» **Work request**: Nothing but the lines from the one containing "Any of these" through the last line of the material should appear in the answer, transcribed exactly, pictures excluded.
BEGIN Data for processing
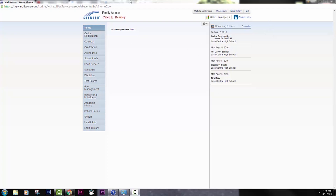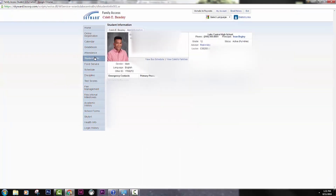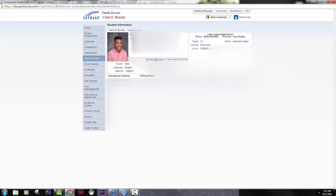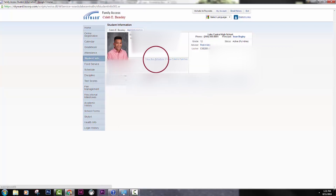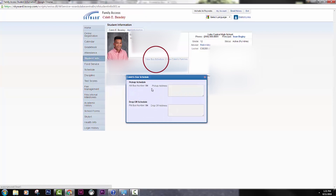This is the home screen. All you have to do is click on Student Info, and then there is your locker combination. There's your counselor, and then for bus schedule, click View Bus Schedule, and there's your bus.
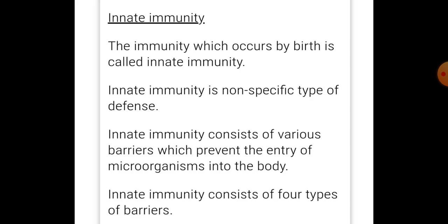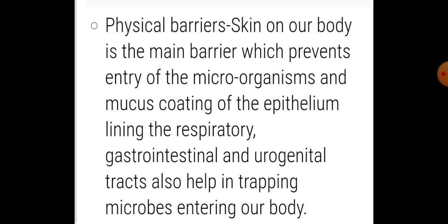Now this immunity is non-specific type of defense. Innate immunity consists of various barriers which prevent the entry of microorganisms into the body. Yeh jo immunity hoti hai, that is accomplished by providing different types of barriers. Is liye bohot saray barriers jo hain, wo provide karti hai jo ki foreign agent ya koi bhi disease-causing microorganism ki entry body mein stop kar deti hai.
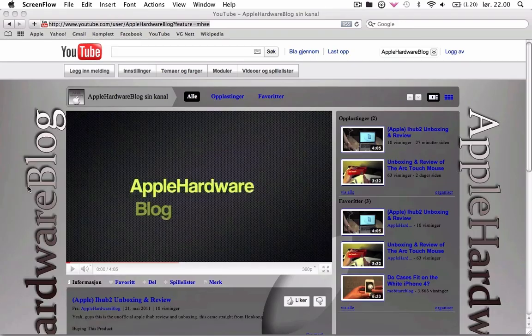What up guys it's Apple Hardware Blog here and today we are showing you how to install Pokemon on your Mac and on your PC.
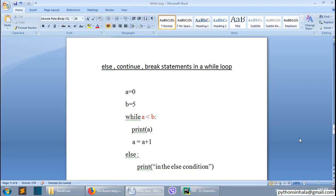In this video, we will talk about the while loop else, continue, and break statements.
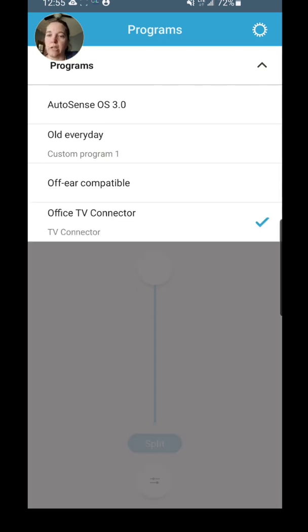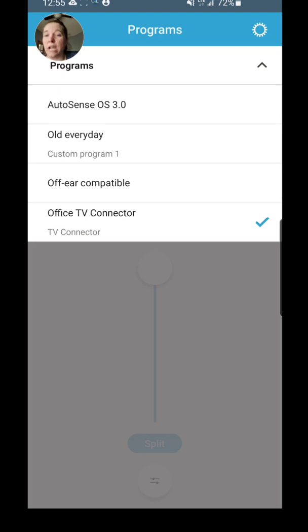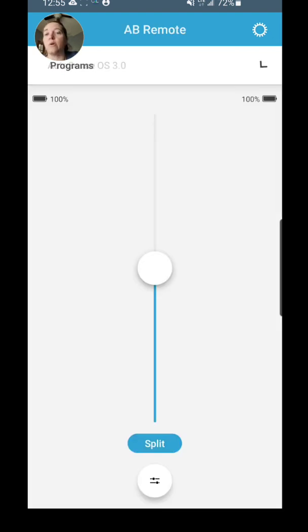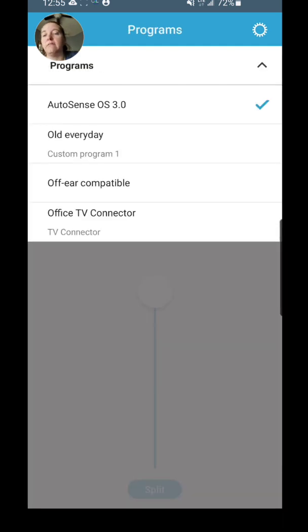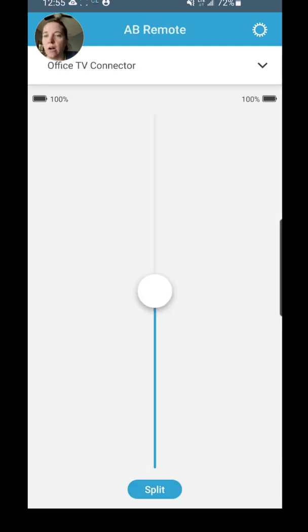There you go. So now I have my Office TV Connector—it's connected here. This allows me to decide, okay, I don't want to listen to what's coming through my TV Connector right now, so I want to go back to AutoSense. You can tap on that, but let's say I want to stay on my TV Connector.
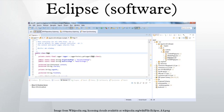Extensions. Eclipse supports a rich selection of extensions, adding support for Python via PyDev, Android Development via Google's ADT, JavaFX support via E(fx)clipse, and many others at the Eclipse Marketplace, as well as JavaScript and jQuery.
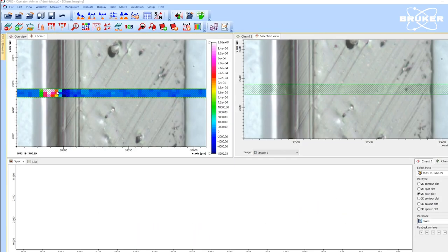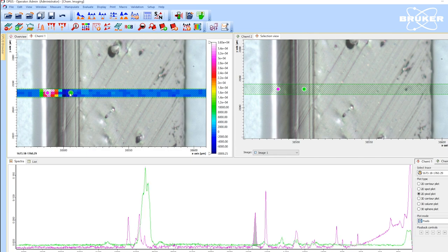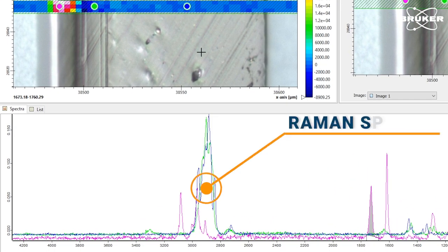After a few minutes, we receive the final results. We can now start to identify the individual layers by their unique Raman spectral signature.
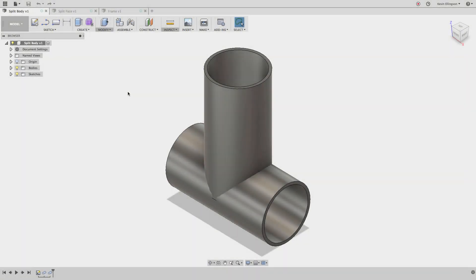Hey YouTube, Kevin from mechanicaladvantage.com. Let's switch gears a little bit in this video and look at Fusion from a fabrication perspective.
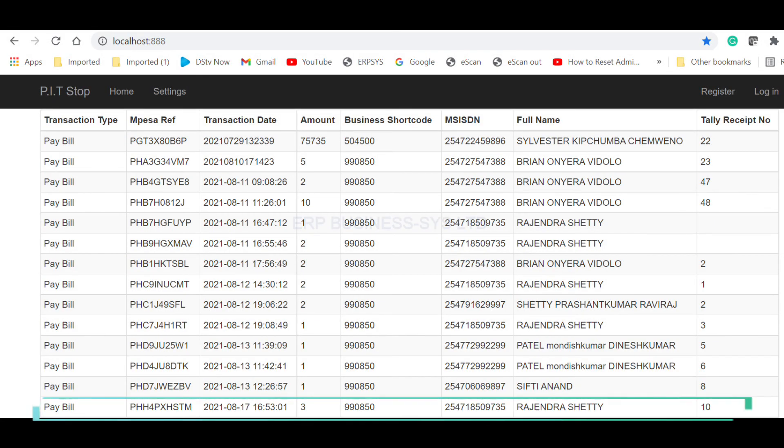As shown, it has been updated. It has the transaction number and other related details including the Tally Receipt Number 10.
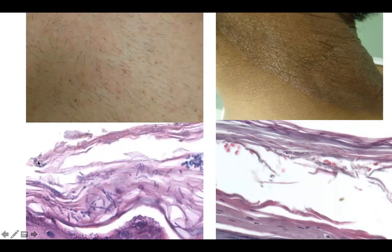But on the left, the stratum corneum is looser and more basket-weave. The organisms are more easily seen on the left — they are spaghetti and meatballs. On the right, the organisms are much harder to see and appear somewhat hollow, as circles in more elongated hyphal forms.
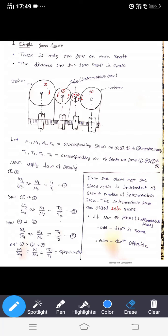Hello students, now we are going to discuss about the simple gear train. In a simple gear train, only one gear is mounted on each shaft — it is known as the simple gear train. The distance between the two shafts is very small when we use this type of gear train.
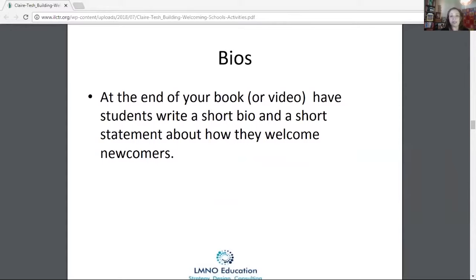Any of these activities in September — Welcoming America actually has a Welcoming Week. It's a great way to start these at the beginning of the year and share them during September 17th to 21st this year. You can go to their website to learn more about that.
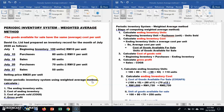From the question, you are required to prepare a periodic inventory system using the weighted average method. There are four steps: first, calculate the ending inventory units; second, ending inventory cost; third, calculate cost of goods sold; and fourth, gross profit.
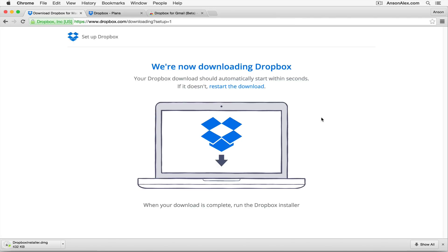Dropbox can be used as a desktop program — it automatically downloaded the Mac version. However, I'm going to show you the cloud version used right through the web browser, because for both Windows and Mac viewers, the cloud version looks exactly the same regardless of your operating system. If you're interested in seeing a video on the desktop version for Windows or Mac, let me know in the comments.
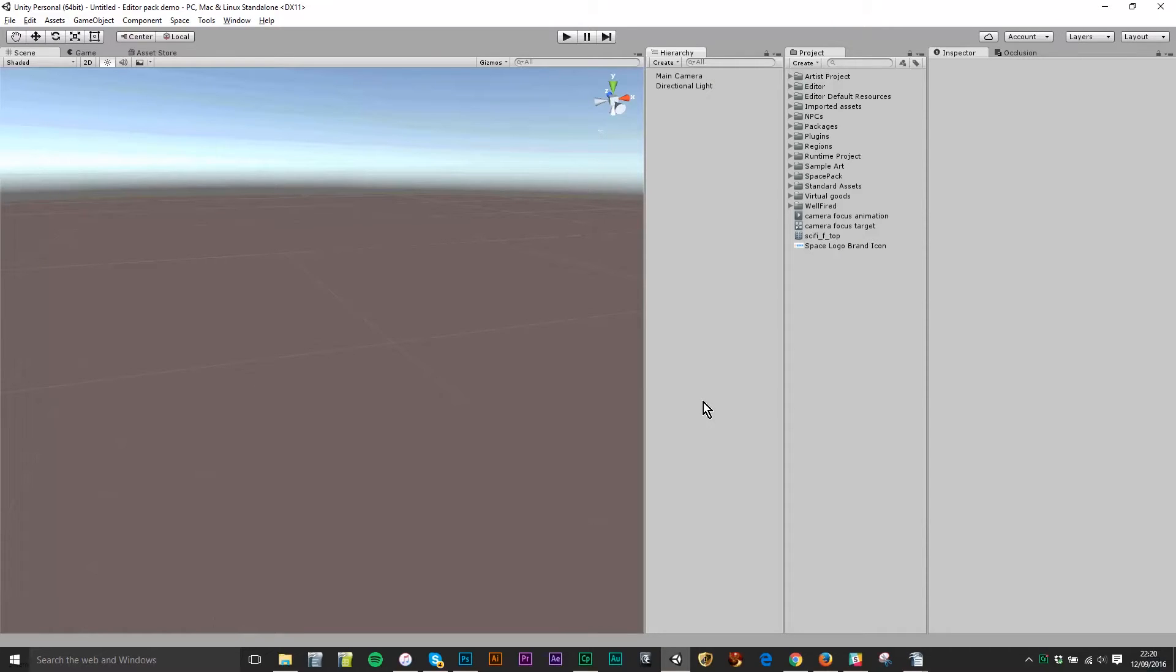In this tutorial we're going to look at how to get a very quick down and dirty region loaded and published in the space virtual world.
END Data for processing
» **Task result**:
Any of these activities in September — Welcoming America actually has a Welcoming Week. It's a great way to start these at the beginning of the year and share them during September 17th to 21st this year. You can go to their website to learn more about that.
From the question, you are required to prepare a periodic inventory system using the weighted average method. There are four steps: first, calculate the ending inventory units; second, ending inventory cost; third, calculate cost of goods sold; and fourth, gross profit.
Dropbox can be used as a desktop program — it automatically downloaded the Mac version. However, I'm going to show you the cloud version used right through the web browser, because for both Windows and Mac viewers, the cloud version looks exactly the same regardless of your operating system. If you're interested in seeing a video on the desktop version for Windows or Mac, let me know in the comments.
In this tutorial we're going to look at how to get a very quick down and dirty region loaded and published in the space virtual world.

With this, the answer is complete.